======== Source data ========
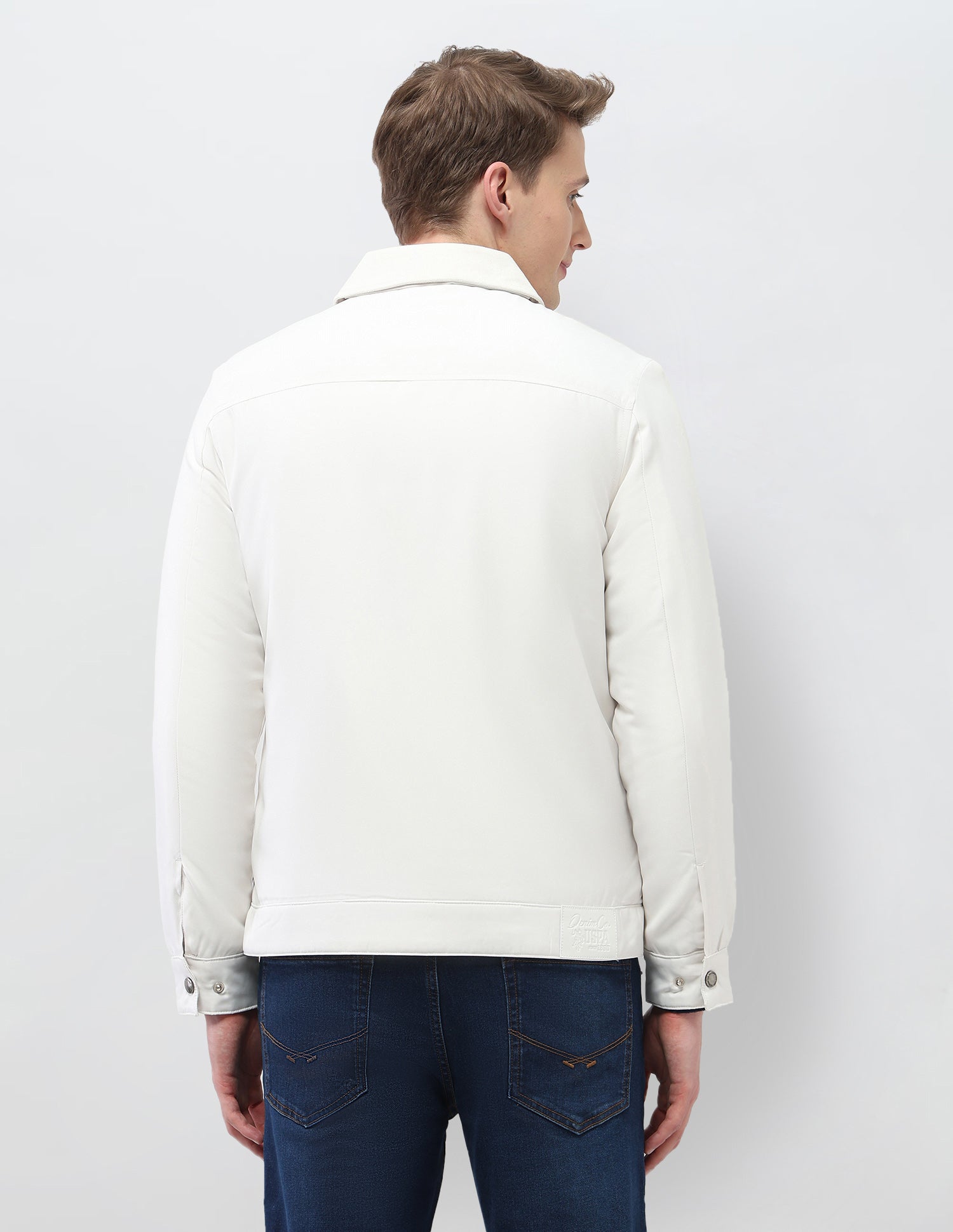 Solid Regular Fit Jacket Off White - U.S. Polo Assn. India | Large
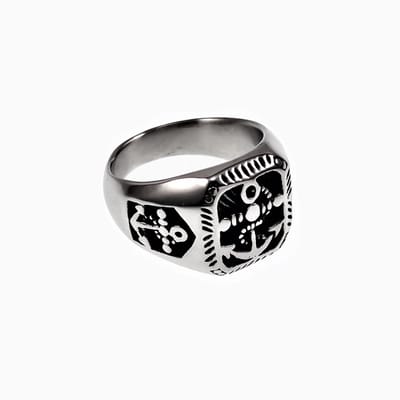 Zegelring Heren - Anker Ontwerp - Stalen Zilver Kleur - Ring met Ankers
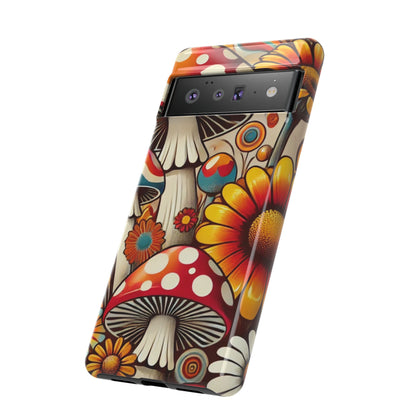 Colorful Mushroom Flower Phone Case - Boho Chic Design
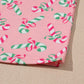 Christmas Candy Cane Print Knotted Pajama Set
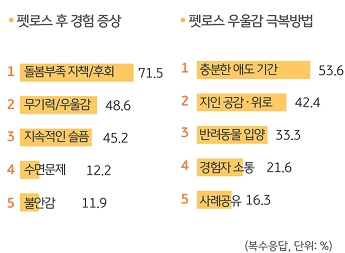 '펫로스' 후 경험 증상과 우울감 극복방법을 정리한 그래프이다.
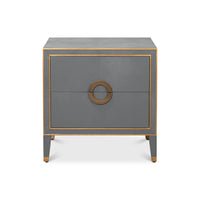 Dark silver modern nightstand front view, centered circle handle.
========
__What you have to do__: Using the records above, extract exactly and only the lines from the one with "극복방법을 정리한 그래프이다." through the final line, inclusive, leaving out pictures.

__Output for this exercise__:
 '펫로스' 후 경험 증상과 우울감 극복방법을 정리한 그래프이다.
 Dark silver modern nightstand front view, centered circle handle.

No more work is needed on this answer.